Thursday, September 22, 2011

It's a bugs life!

Ever had the feeling that you shouldn't have done something really dopey? Well, when it comes to decision making, you may not be in as complete control as you thought you were. And that brilliant immune system of ours that's supposed to detect and delete all those germs that threaten our existence: has the "enemy" infiltrated it and is it quietly controlling how it functions?

The answer to both those questions is literally under the microscope, and the particular microscope of Prof Eric Denkers, a Veterinary Immunologist in the USA. He's been studying a ubiquitous germ called Toxoplasmosis gondii, that he charmingly describes as " especially promiscuous parasite", and which infects all warm blooded animals and most of the human population. Most of the time is quietly co-habits with its host organism, living peacefully within muscle or brain cells. However, if the host's immune system is deficient, then it can cause serious problems.

But it also has the ability to alter brain chemistry with jaw dropping results! In rats, for instance, it alters their brains activity in such a away as to make them fearless of cats - not a particularly smart move - as the cats always win and eat the infected rats allowing the Toxoplasmosis to enter and live in its favoured breeding ground, the intestine of the cat!
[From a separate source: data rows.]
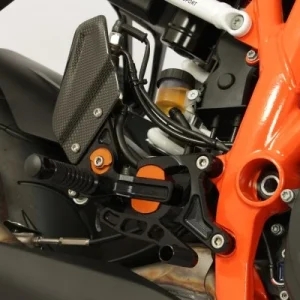 állítható lábtartó VCR38GT - KTM, 1290 Super Duke / R, B1 / B2 (2017 - 2019 ); KTM, 1290 Super Duke / R, A2 / B2 (2014 - 2...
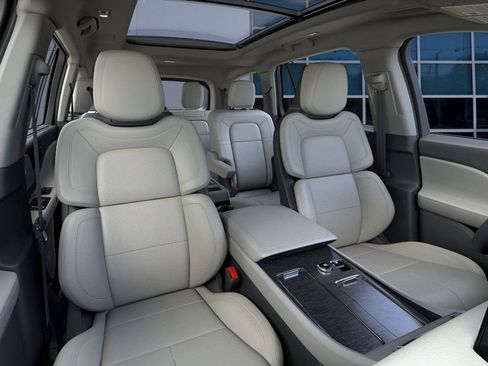 New 2025 Lincoln Aviator Reserve w/ Equipment Group 201A image 10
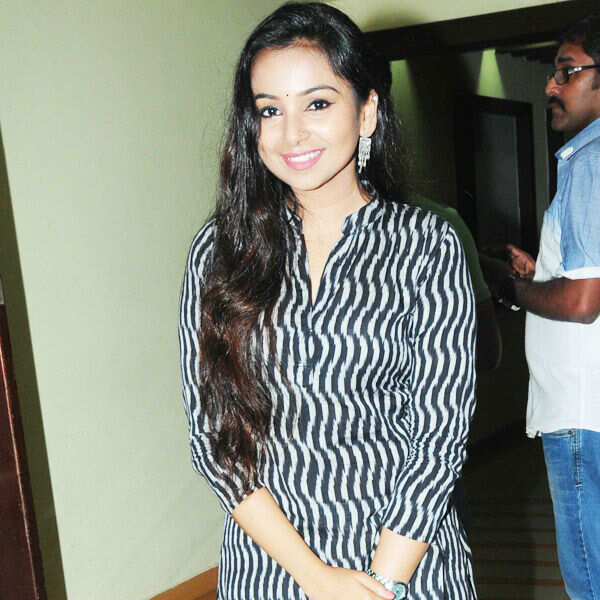 Mrudula Murali Wallpapers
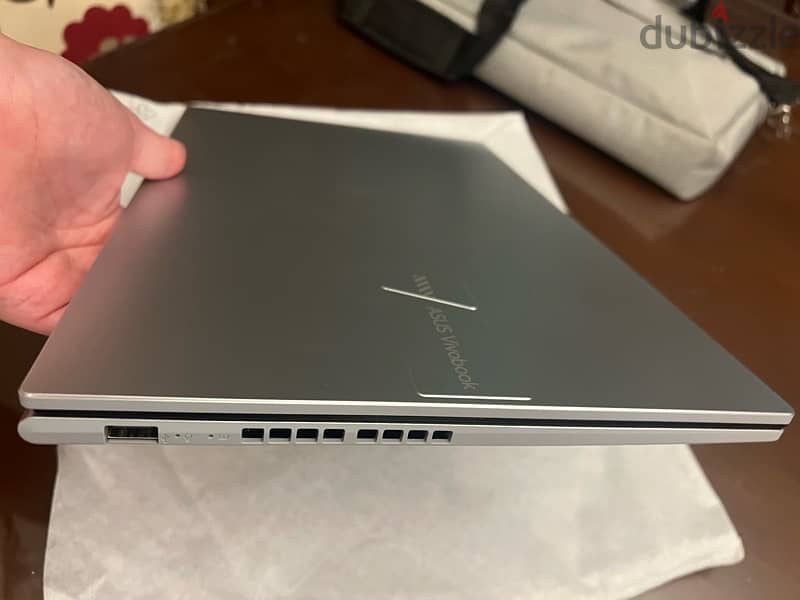 لابتوب asus vivobook لم يستعمل من قبل 1T hard disk و 16 GB RAM جيل ١٣ 5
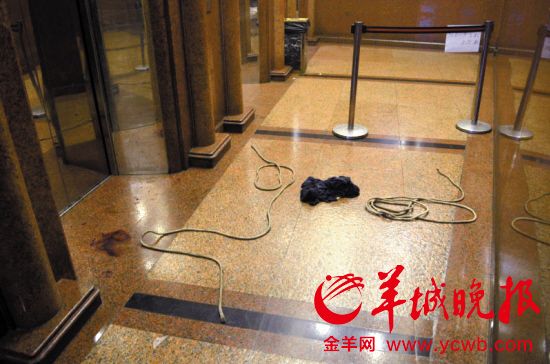 男子去KTV聚会失联22小时 电梯井突然传出手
But it's influence on the immune system that has attracted Dr Denkers attention. In the past it was thought that Toxoplasmosis just sealed itself off from the surrounding environment and lay dormant. Now it appears that it actually modulates the immune cells ability to release a chemical known as a Cytokine, and which is the key to creating an inflammatory response. Too many Cytokines are not good for Toxoplasmosis as they attract more immune cells and that may lead to eradication of the organism. Too little Cytokines and the body's survival could be threatened from other infective organisms. It appears that Toxoplasmosis plays the immune system like a violin!

The up-side to all this is that this research is revealing how the immune system operates and the various "chemical signaling" systems that it uses in order to control and contain infection, and this will lead to new treatment options in the future.